Federal Judge in South Carolina Denies Restraining Order to Block Vaccine Mandates

Federal Judge in South Carolina Denies Restraining Order to Block Vaccine Mandates
In this file photo, parents gather to express their concerns over vaccine mandates for students at the Placentia Yorba Linda Unified School District building in Placentia, Calif., on Oct. 12, 2021. (John Fredricks/The Epoch Times)
Matt McGregor
10/23/2021
Updated:
10/24/2021

A federal judge denied a restraining order on Oct. 21 that would have blocked vaccine mandates for up to 125 city employees in South Carolina.

Attorney Tom Fernandez and his firm Fernandez Law represented the plaintiffs, 100 of whom are first responders who filed a lawsuit against the cities of Charleston and North Charleston, Charleston County, and the St. Johns Fire District over the mandates.

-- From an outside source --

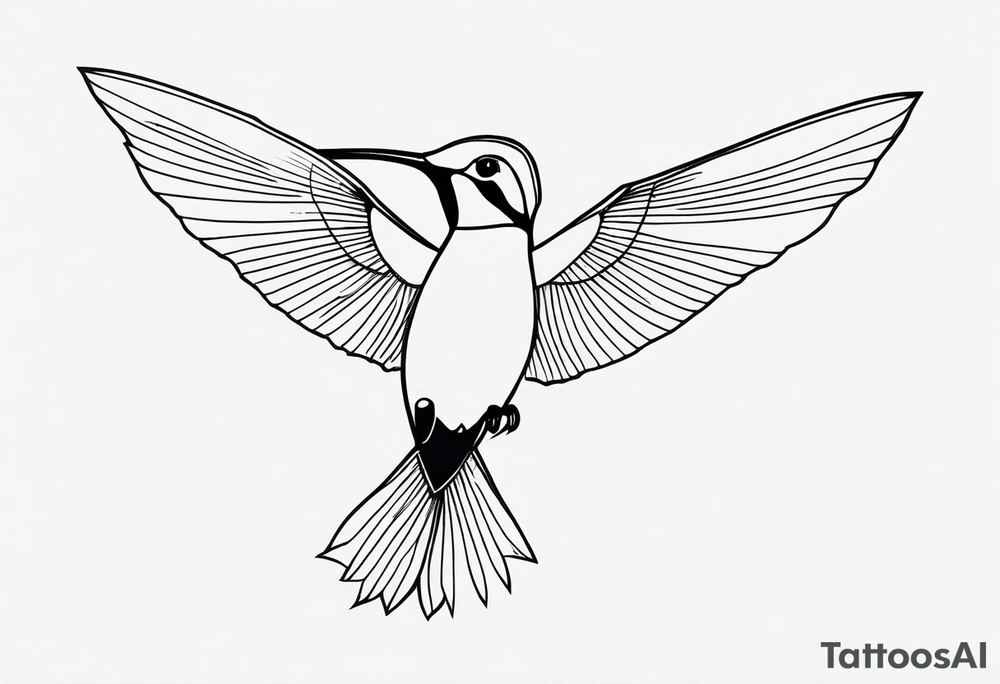 Hummingbird tattoo idea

“They felt that it was nothing short of government coercion to get the vaccine,” Fernandez told The Epoch Times. “We filed a lawsuit in state court alleging their constitutional protections. They did not want the vaccine. They believed it was their religious right to refuse it. They believed it was their right to free speech, right to privacy, and their right to bodily autonomy to not get the vaccine.”

Judge David Norton with the U.S. District Court in South Carolina said in a statement that it isn’t the court’s role to impose employer policies that would “best strike a balance of the competing interests of a pandemic that has plagued not just this state or country, but the world, for almost two years.”

“His points he made in his order yesterday were basically regurgitated nightly news talking points,” Fernandez said. “They had no facts. There was nothing substantiative. It was basically, ‘COVID is an emergency and hospitals are full. There are no ventilators available, and that the ICUs have no more beds available.’”

Fernandez said they presented to the court data from local hospitals that showed that COVID-19 infections are on a decline across the state and the nation, with less than half of the ventilators being used, and of those, only 7 percent were being used by COVID-19 patients.

The judge chose those talking points over the constitutional protections of police officers and firefighters, Fernandez said.

Initially, city employees were to be vaccinated by Nov. 5, but North Charleston Mayor Keith Summey extended it to Nov. 19 after the ruling.

“This is essential to provide a safe working environment for city employees and to deliver safe and efficient services to our citizens,” Summey said. “The city is hopeful that some plaintiffs, having read Judge Norton’s order, may now wish to comply with the vaccination policy in order to retain employment.”

Many of the employees with whom Fernandez has spoken, he said, “are standing their ground.”

“We have mayors who think it’s only going to be a handful of police officers and firefighters who are going to be terminated,” Fernandez said. “They are going to suddenly find on day one that they are short a large percentage of their department.”